Well-formed.
The using-directive doesn't introduce the name i
in the global namespace, but it is used during lookup. The using-declaration uses qualified lookup to find i
; qualified lookup in the presence of using-directives is specified in [3.4.3.2 p1, p2] (quotes from N4527, the current working draft):
If the nested-name-specifier of a qualified-id nominates a namespace
(including the case where the nested-name-specifier is ::
, i.e.,
nominating the global namespace), the name specified after the
nested-name-specifier is looked up in the scope of the namespace. [...]
For a namespace X
and name m
, the namespace-qualified lookup set
S(X,m) is defined as follows: Let S'(X,m) be the set of all
declarations of m
in X
and the inline namespace set of X
(7.3.1). If
S'(X,m) is not empty, S(X,m) is S'(X,m); otherwise, S(X,m) is the
union of S(Ni,m) for all namespaces Ni nominated
by using-directives in X
and its inline namespace set.
So, for qualified lookup, the first step is to look for declarations of i
made directly in the namespace indicated by the nested-name-specifier (::
in this case). There are no such declarations, so lookup then proceeds to the second step, which is to form the set of all declarations of i
found by qualified lookup in all namespaces nominated by using-directives in the global namespace. That set is comprised of N::i
, which is the result of name lookup, and is introduced as a name in global namespace by the using declaration.

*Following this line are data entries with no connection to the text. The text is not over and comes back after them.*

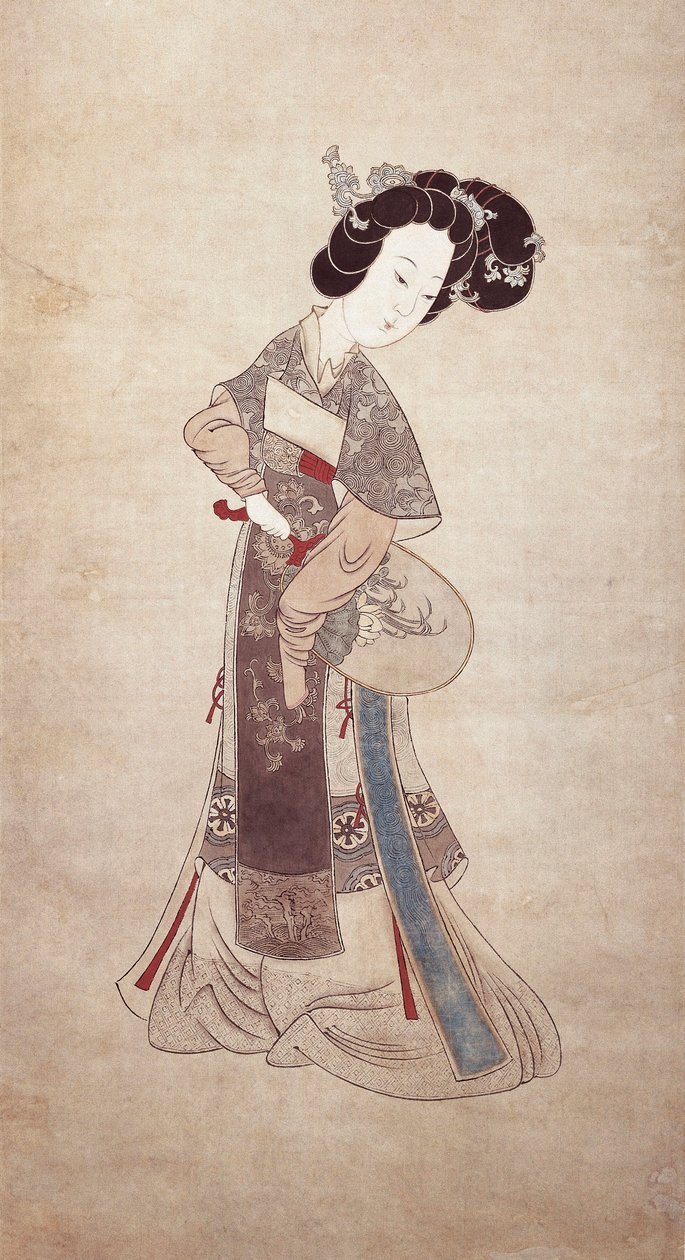 Dama de China, por Ren Shyong (pintura sobre seda) de Qing Dynasty Chinese School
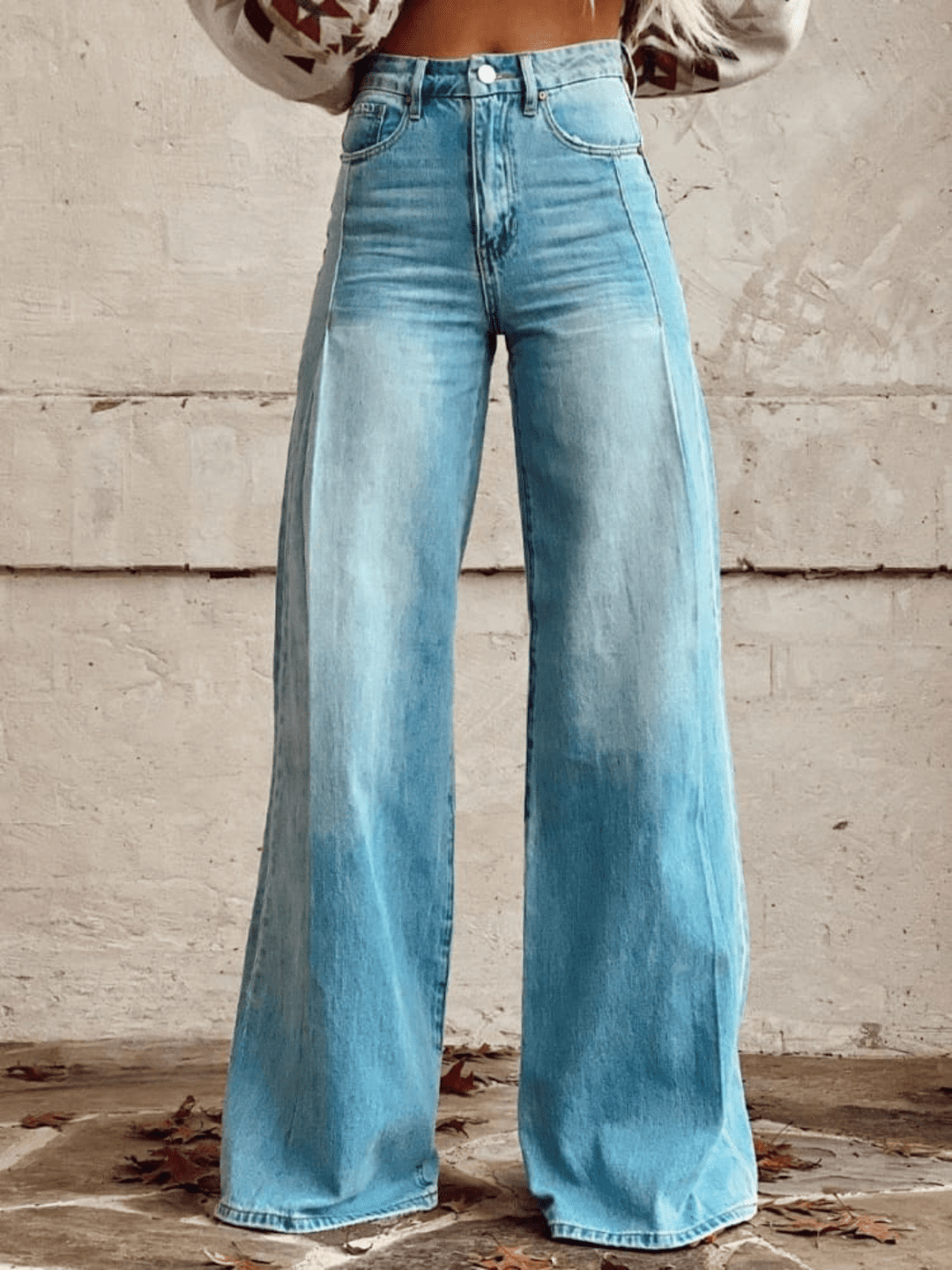Women’s Floral Print Wide Leg Jeans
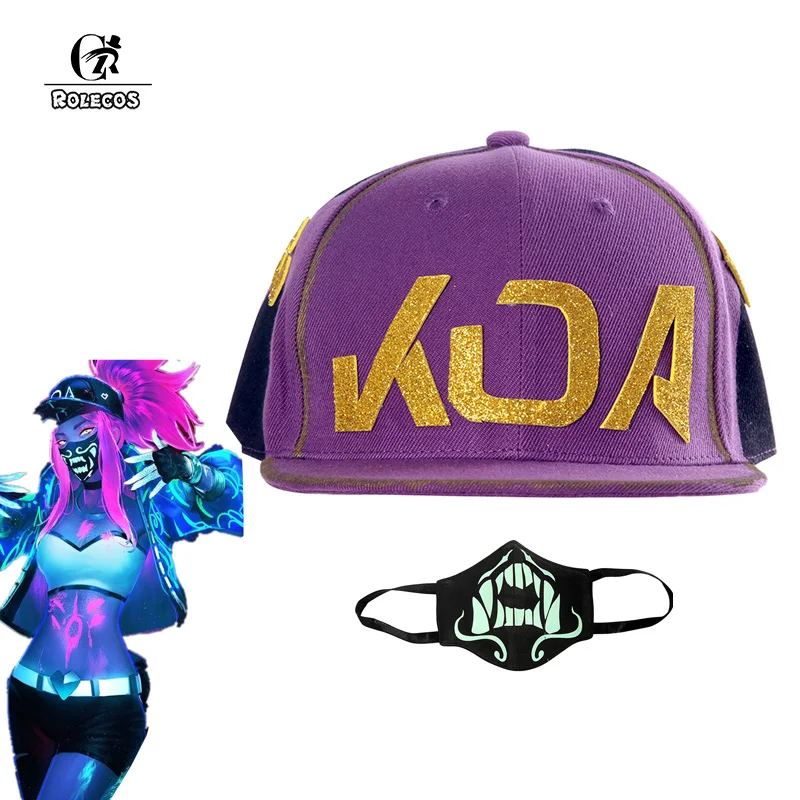 

ROLECOS Game LOL KDA Akali Cosplay Hat Mask LOL K/DA Akali Cosplay Mask Props for Men Women Cosplay Hat Mask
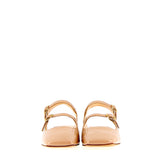 Low nude patent slingback with straps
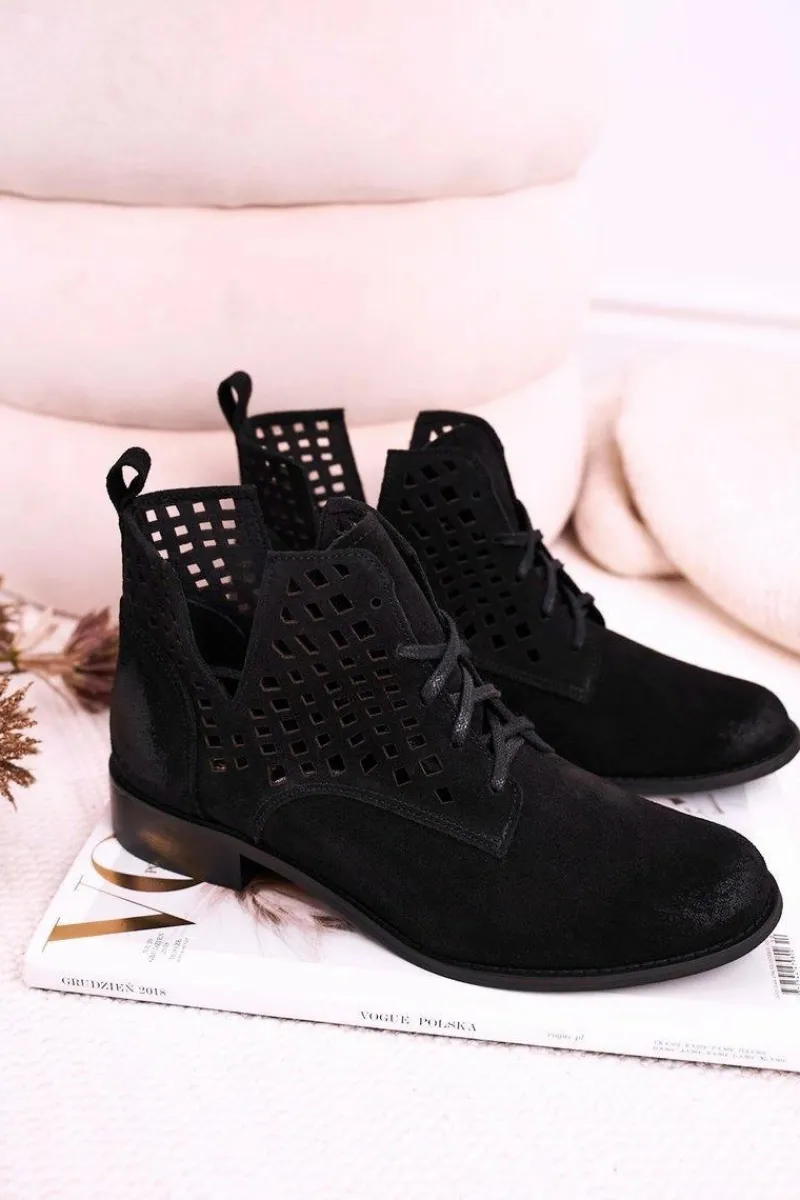 Discount Boto Damskie Ażurowe Botki Zamszowe Czarne Susannah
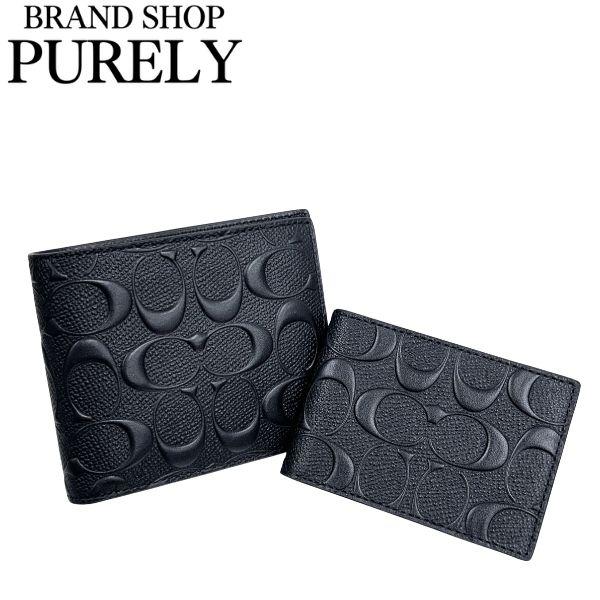国内発送 コーチ 財布 メンズ COACH 折り財布 シグネチャー レザー 3in1 ウォレット CR957 BLK ブラック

I find it worth noting (although pretty obvious) that this definition of qualified lookup is recursive: using the notation in the quote, qualified lookup in each namespace Ni will first look for declarations made directly in Ni, then, if none is found, will in turn proceed to look in the namespaces nominated by using-directives in Ni, and so on.
For what it's worth, MSVC accepts the code as well.